Top radio telescope in South Africa

The Max-Planck-Gesellschaft contributes € 20 million to the extension of the MeerKAT radio telescope in the Karoo semi-desert region

The telescope currently consists of 64 individual antennas electronically interconnected to form a virtual radio telescope with a diameter of eight kilometres. Within the scope of this project, 20 additional antennas will be added to increase their total number to 84. In addition, the virtual diameter of the network will be extended to cover 17 kilometres. This will greatly increase sensitivity, angular resolution, and image quality. The extension is jointly funded by the South African Radio Astronomy Observatory (SARAO) and the Max-Planck-Gesellschaft in Germany.

The MeerKAT radio observatory so far consists of 64 plate-shaped antennas with a diameter of 13.5 meters each. Now 20 telescopes are to be added.

The scientific goal includes extensive mapping of the southern sky in observation frequencies that will help drive forward future investigations.
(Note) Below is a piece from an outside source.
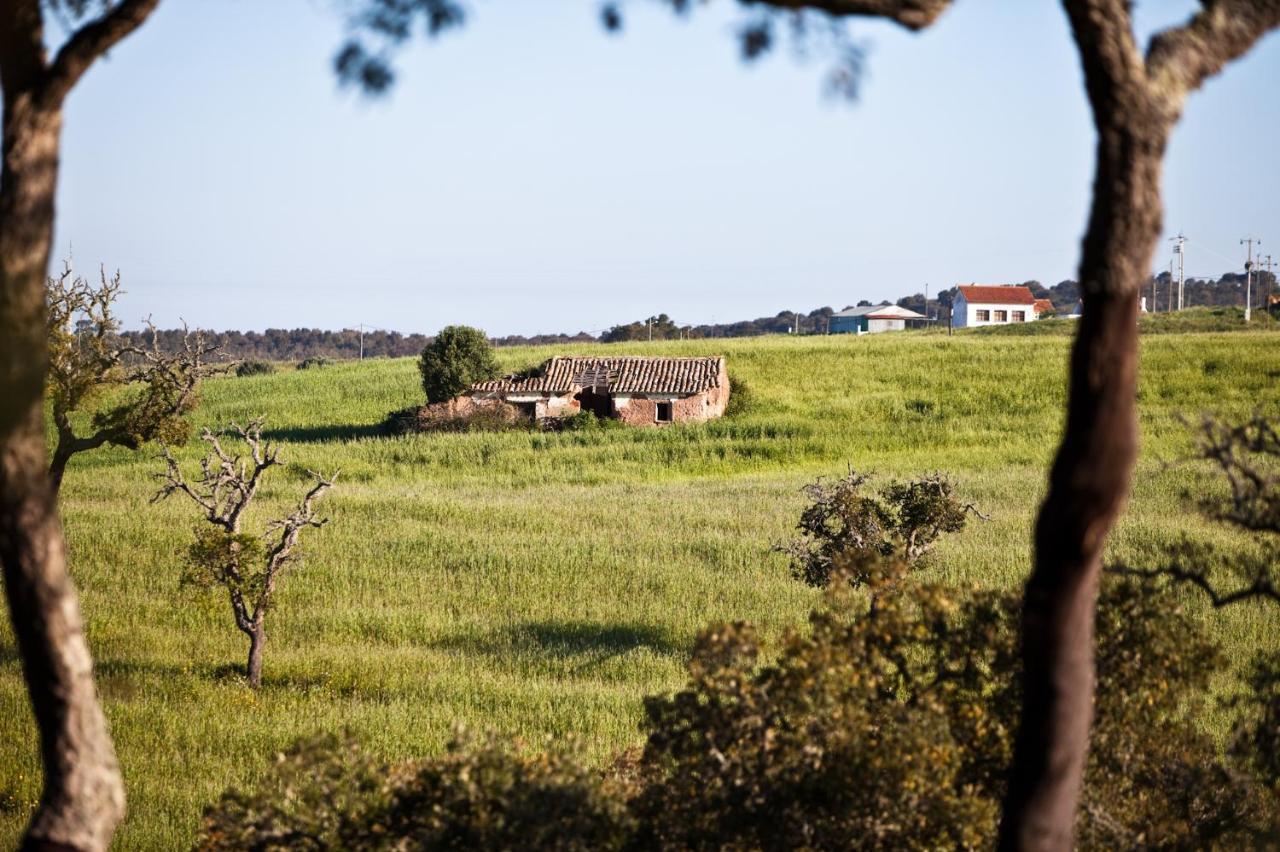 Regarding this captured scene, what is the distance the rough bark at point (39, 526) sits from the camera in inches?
242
Among other things, pulsars, fast radio outbursts, large-scale structures in the universe, extragalactic objects, and sources in our Milky Way will be investigated.
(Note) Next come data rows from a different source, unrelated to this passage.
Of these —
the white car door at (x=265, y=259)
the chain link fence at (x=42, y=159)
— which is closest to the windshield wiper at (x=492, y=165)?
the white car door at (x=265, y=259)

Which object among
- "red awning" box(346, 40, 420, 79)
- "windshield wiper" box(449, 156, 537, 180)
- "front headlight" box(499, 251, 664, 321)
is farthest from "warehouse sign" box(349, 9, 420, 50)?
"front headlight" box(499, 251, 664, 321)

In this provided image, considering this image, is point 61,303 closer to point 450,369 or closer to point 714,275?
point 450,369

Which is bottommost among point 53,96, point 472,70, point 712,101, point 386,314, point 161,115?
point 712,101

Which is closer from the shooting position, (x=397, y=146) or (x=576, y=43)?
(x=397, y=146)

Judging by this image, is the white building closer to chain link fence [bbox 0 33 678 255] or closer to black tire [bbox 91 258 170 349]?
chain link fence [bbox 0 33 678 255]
The MeerKAT radio telescope is a precursor of the “Square Kilometre Array” (SKA), the project to build a radio telescope with global participation and telescope sites in southern Africa and Australia. The extended MeerKAT telescope will be integrated into the part of the SKA project located in southern Africa and will form part of the SKA telescope comprising 197 antennas.

The SKA Max Planck Demonstration Telescope at the South African SKA site in the Karoo semi-desert region

These radio telescopes will enable significantly improved investigations in various fields of radio astronomy. The measurement of extremely accurate pulsar clocks will make it possible to detect distortions in space-time and thus detect extremely long-wave gravitational waves. The exploration of young galaxies at large redshifts could help reveal the nature of the mysterious Dark Energy. Maps of the three-dimensional distribution of cosmic magnetic fields can help elucidate their effects on objects in the universe. A look back into what is referred to as the “Dark Age” (before the universe shone in the light of stars and galaxies) would help scientists understand how black holes and stars were formed. The study of complex molecules could also help improve our understanding of the origin of life in the universe.

The South African partners are responsible for setting up the local infrastructure, some of the receiver systems including the cooling thereof, and the equipment for data analysis. The German partners will provide the new telescopic antennas in the form of parabolic mirrors for the “Square Kilometre Array” as well as the receivers and systems for data acquisition and processing.  Both partner countries will be contributing € 20 million (or 400 million South African rand) each to the project.

Molapo Qhobela, the Chief Executive Officer of the National Research Foundation in South Africa, expects that the MeerKAT extension will provide a much more powerful telescope for studying the formation and evolution of galaxies. “The extension of MeerKAT will increase the sensitivity of the receiving systems by about 50 percent, thus enabling a much faster mapping of the sky and the detection of extremely faint astronomical sources”.

The President of the Max-Planck-Gesellschaft, Martin Stratmann (fifth from left), during a visit to the site of the MeerKAT radio telescope in the Karoo semi-desert region of South Africa with a German delegation.

“I am impressed by what has been achieved so far with the MeerKAT telescope. We are proud to cooperate with our South African partners in the extension of the telescope”, says Martin Stratmann, President of the Max-Planck-Gesellschaft, who visited the MeerKAT site in South Africa in January 2020. “This really must be experienced up close – it is quite an impressive sight!”

The MK+ project was launched in 2019 following thorough scientific evaluation and technical planning. The first activities for on-site construction are planned for mid-2021. The further steps up to completion and scientific commissioning should be completed by 2023.